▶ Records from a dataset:
_ _ _ _

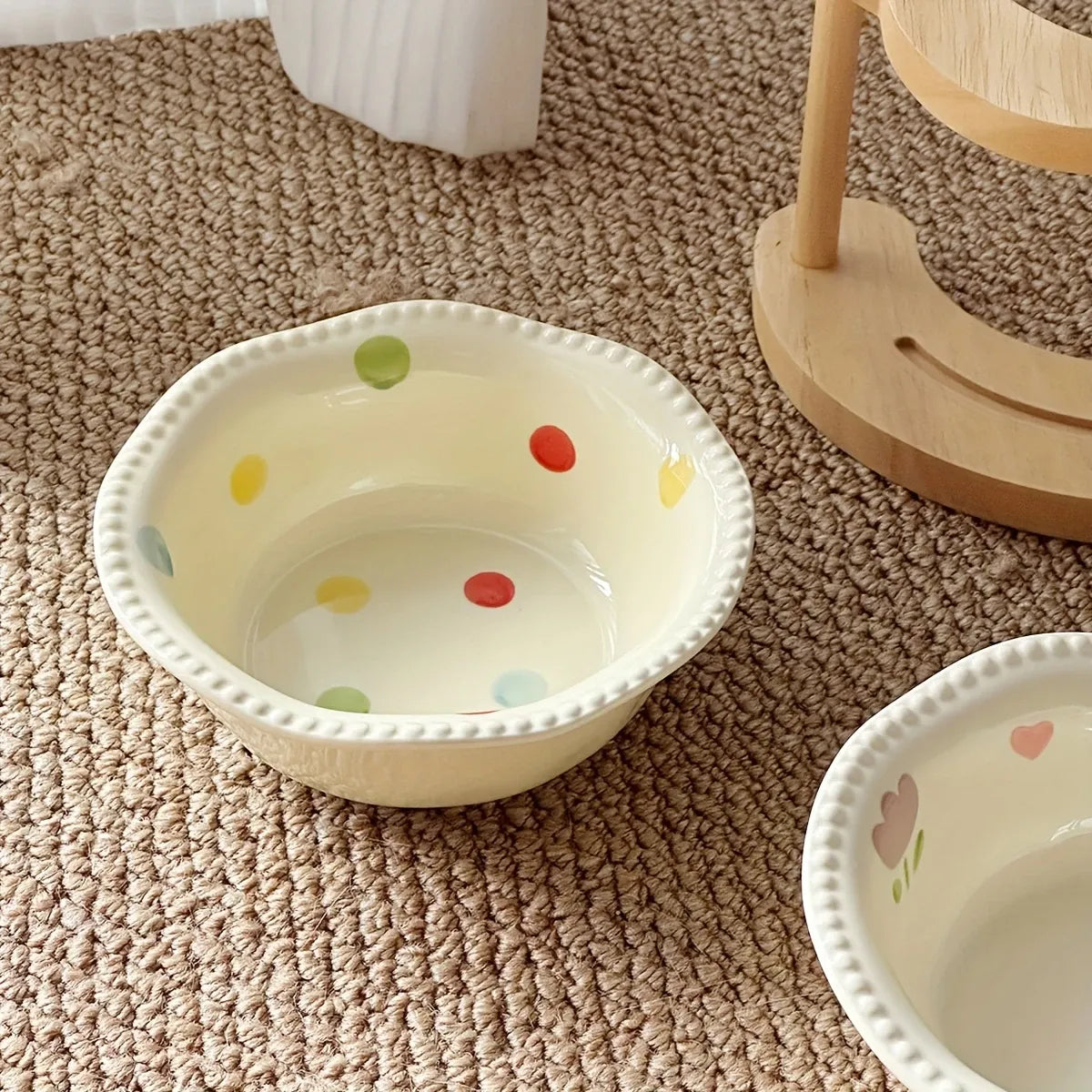 Ceramic Pet Feeder with Wood Stand | Tilted Cat Bowl for Comfortable Eating, Anti-Tip Design（Zhu Dian ai Xin wan）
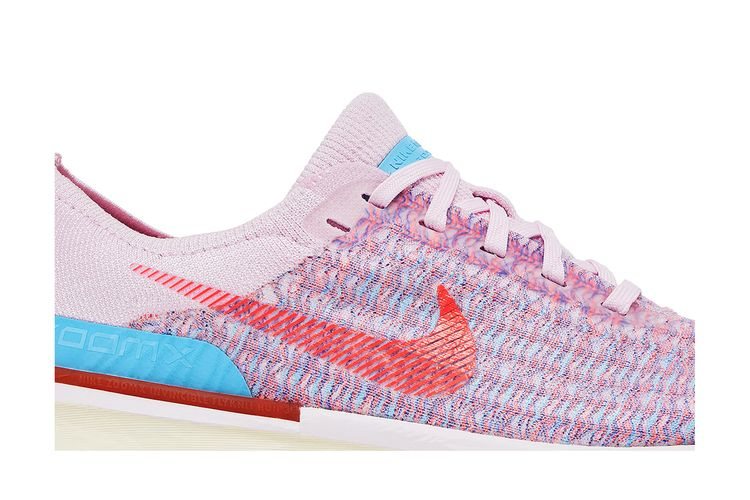 Кроссовки Nike Wmns ZoomX Invincible 3 'Pink Foam Racer Blue'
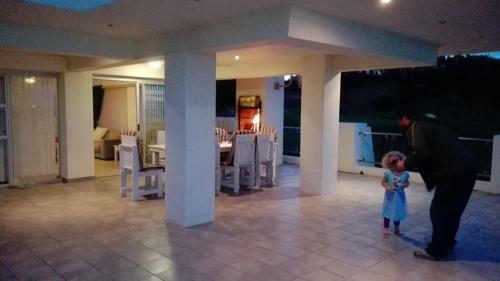 Seashells Luxury Apartments And B&B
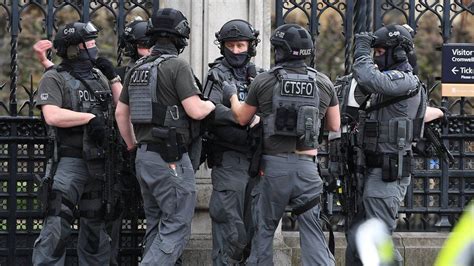 uk s terror fight puts unsustainable strain on police bbc news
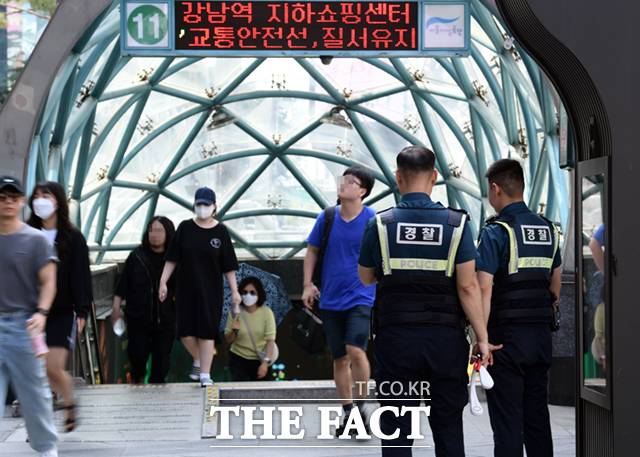 강남역 인근에서 순찰하고 있는 경찰./더팩트 DB
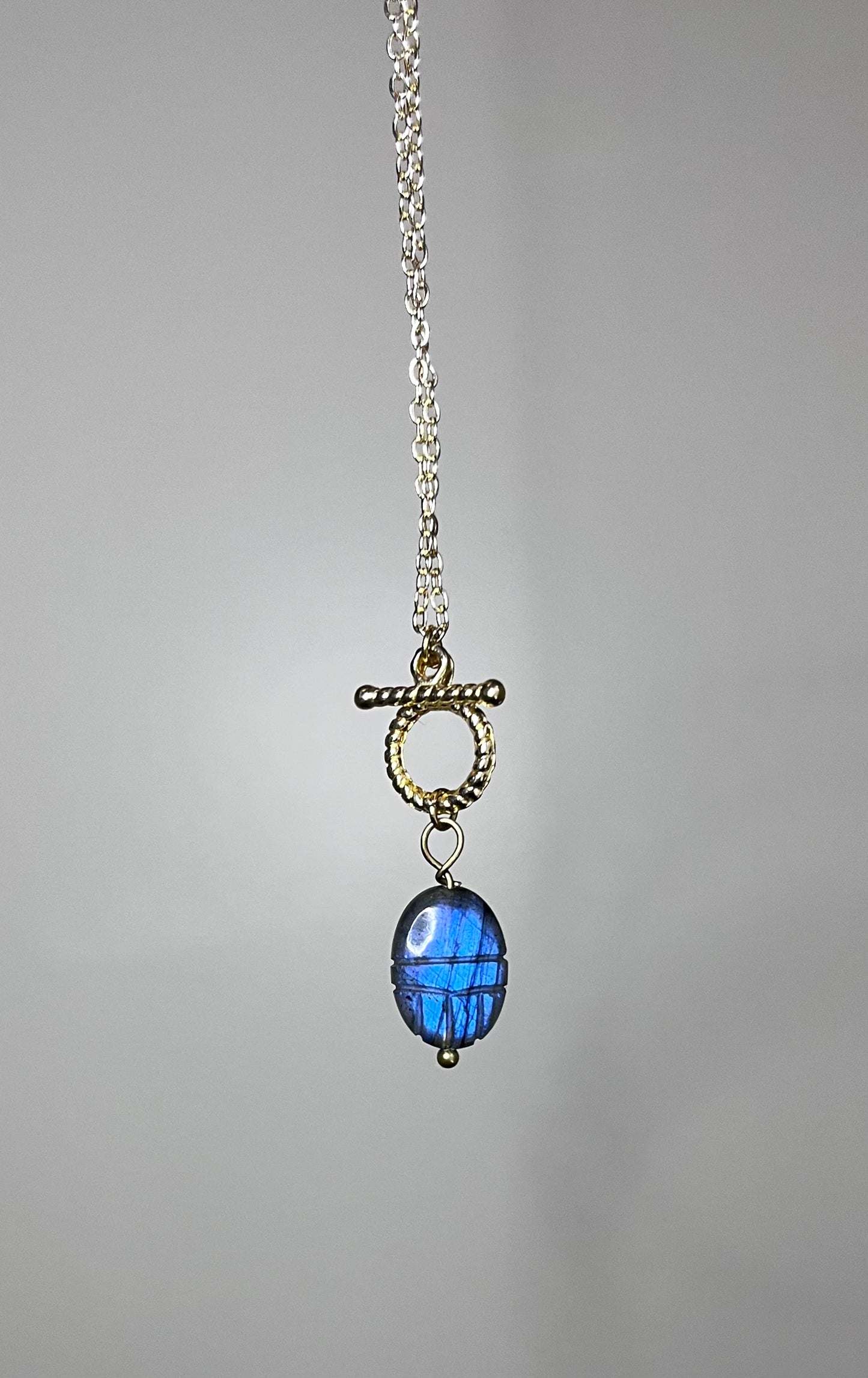 Collier amulette scarabée Labradorite protectrice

_ _ _ _

▶ Requirement: Hand back the exact lines from the start of the entries to the line with "Seashells Luxury Apartments And B&B", both ends kept and pictures left out.

▶ Written solution:
 Ceramic Pet Feeder with Wood Stand | Tilted Cat Bowl for Comfortable Eating, Anti-Tip Design（Zhu Dian ai Xin wan）
 Кроссовки Nike Wmns ZoomX Invincible 3 'Pink Foam Racer Blue'
 Seashells Luxury Apartments And B&B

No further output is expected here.